PROBLEM TO SOLVE
Find the line below that contains "Female friends riding scooter on road". Transcribe it and every line after it exactly, adding nothing.

RECORDED INFORMATION
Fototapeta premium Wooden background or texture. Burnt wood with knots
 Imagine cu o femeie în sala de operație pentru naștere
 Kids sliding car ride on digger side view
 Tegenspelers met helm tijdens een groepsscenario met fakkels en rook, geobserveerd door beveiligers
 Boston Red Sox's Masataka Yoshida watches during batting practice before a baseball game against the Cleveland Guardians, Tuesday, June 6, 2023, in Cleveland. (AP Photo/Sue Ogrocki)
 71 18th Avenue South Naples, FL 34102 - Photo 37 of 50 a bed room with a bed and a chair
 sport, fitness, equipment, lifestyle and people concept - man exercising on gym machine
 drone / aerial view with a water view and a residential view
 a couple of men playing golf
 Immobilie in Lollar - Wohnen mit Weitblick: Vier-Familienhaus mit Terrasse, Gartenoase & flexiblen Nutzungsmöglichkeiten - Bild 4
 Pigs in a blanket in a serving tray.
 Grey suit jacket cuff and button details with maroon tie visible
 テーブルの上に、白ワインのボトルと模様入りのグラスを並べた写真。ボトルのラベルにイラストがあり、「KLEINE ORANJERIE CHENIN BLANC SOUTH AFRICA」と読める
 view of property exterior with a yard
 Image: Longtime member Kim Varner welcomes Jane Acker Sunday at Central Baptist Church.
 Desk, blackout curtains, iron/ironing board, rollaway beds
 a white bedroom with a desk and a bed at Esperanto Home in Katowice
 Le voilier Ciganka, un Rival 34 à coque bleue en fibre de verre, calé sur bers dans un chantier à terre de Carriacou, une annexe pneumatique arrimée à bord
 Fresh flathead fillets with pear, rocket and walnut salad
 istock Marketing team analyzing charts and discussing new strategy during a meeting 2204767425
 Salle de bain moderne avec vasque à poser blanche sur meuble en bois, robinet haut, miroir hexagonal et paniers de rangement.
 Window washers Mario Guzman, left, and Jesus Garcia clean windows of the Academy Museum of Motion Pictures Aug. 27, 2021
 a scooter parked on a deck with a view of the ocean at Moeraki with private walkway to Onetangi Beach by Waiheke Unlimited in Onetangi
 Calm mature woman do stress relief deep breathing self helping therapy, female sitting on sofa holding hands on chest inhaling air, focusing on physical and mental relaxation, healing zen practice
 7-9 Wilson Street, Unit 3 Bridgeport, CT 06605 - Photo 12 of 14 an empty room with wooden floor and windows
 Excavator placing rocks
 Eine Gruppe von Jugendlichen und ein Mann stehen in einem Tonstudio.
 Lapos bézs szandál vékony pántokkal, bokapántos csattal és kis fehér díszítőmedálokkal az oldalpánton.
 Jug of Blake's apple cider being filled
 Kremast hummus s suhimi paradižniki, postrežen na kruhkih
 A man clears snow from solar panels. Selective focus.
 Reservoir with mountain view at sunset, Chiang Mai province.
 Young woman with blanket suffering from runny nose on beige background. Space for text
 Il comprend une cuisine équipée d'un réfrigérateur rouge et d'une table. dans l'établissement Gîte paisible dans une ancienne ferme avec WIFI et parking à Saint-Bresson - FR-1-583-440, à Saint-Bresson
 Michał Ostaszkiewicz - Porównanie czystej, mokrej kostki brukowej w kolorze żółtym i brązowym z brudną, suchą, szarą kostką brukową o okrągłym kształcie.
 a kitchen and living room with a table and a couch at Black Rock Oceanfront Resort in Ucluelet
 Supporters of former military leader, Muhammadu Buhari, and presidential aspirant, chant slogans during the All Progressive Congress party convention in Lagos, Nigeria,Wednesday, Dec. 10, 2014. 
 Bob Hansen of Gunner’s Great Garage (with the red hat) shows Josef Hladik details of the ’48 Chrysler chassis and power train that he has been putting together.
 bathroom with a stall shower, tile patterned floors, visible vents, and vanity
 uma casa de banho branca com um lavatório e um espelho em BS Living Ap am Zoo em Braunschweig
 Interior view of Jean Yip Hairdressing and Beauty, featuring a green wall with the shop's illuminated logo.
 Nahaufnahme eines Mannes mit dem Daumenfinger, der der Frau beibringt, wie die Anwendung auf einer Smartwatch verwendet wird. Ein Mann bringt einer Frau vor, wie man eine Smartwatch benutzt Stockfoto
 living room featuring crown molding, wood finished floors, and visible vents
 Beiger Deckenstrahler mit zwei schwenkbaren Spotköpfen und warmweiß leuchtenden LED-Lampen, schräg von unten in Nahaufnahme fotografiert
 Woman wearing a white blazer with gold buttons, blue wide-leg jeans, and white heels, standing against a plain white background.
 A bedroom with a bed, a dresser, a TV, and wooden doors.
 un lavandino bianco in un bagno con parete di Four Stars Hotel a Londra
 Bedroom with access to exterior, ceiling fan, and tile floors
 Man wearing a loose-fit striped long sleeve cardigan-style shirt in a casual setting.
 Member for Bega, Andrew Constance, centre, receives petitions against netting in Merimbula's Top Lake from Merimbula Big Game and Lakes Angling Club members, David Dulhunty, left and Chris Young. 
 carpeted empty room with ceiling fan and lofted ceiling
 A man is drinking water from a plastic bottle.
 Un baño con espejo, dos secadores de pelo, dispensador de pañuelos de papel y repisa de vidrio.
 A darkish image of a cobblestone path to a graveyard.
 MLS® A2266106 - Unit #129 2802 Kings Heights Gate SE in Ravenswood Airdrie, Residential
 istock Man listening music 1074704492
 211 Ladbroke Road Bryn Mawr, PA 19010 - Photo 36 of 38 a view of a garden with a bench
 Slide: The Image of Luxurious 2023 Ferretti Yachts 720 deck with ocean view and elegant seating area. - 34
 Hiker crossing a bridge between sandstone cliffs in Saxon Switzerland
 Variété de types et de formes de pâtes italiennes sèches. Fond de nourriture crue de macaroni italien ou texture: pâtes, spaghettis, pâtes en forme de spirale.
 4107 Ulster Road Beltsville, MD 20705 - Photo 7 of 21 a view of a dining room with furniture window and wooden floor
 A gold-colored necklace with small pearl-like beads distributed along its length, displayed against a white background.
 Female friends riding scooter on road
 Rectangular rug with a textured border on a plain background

ANSWER BOX
 Female friends riding scooter on road
 Rectangular rug with a textured border on a plain background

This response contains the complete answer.